Learning from the Hindsight Plan -- Episodic MPC Improvement
This work addresses performance limitations in robotics control for tasks like manipulation, though it is incremental as it builds on existing MPC methods.
The authors tackled the suboptimal performance of model predictive control (MPC) due to limited planning horizons by proposing a policy improvement scheme that learns to reshape the cost function using hindsight plans from longer horizons, enabling short-horizon MPC to mimic long-term reasoning. They demonstrated this approach in contact-rich manipulation tasks, including peg insertion with a real PR2 robot, showing improved performance in simulated and real environments.
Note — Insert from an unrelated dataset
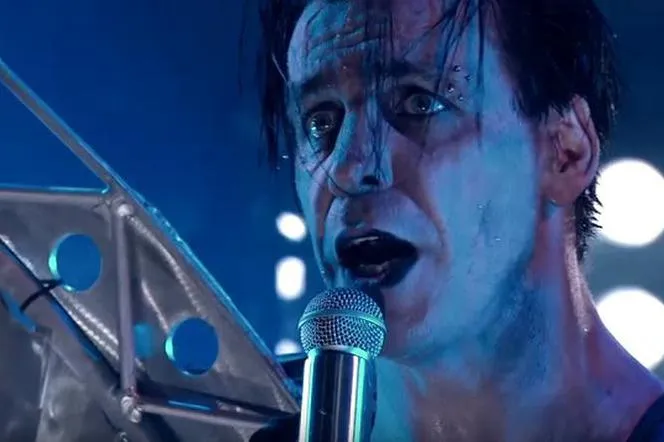 Zdjęcie Rammstein: tekst, tłumaczenie i znaczenie kultowej piosenki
Model predictive control (MPC) is a popular control method that has proved effective for robotics, among other fields. MPC performs re-planning at every time step. Re-planning is done with a limited horizon per computational and real-time constraints and often also for robustness to potential model errors. However, the limited horizon leads to suboptimal performance. In this work, we consider the iterative learning setting, where the same task can be repeated several times, and propose a policy improvement scheme for MPC. The main idea is that between executions we can, offline, run MPC with a longer horizon, resulting in a hindsight plan. To bring the next real-world execution closer to the hindsight plan, our approach learns to re-shape the original cost function with the goal of satisfying the following property: short horizon planning (as realistic during real executions) with respect to the shaped cost should result in mimicking the hindsight plan. This effectively consolidates long-term reasoning into the short-horizon planning. We empirically evaluate our approach in contact-rich manipulation tasks both in simulated and real environments, such as peg insertion by a real PR2 robot.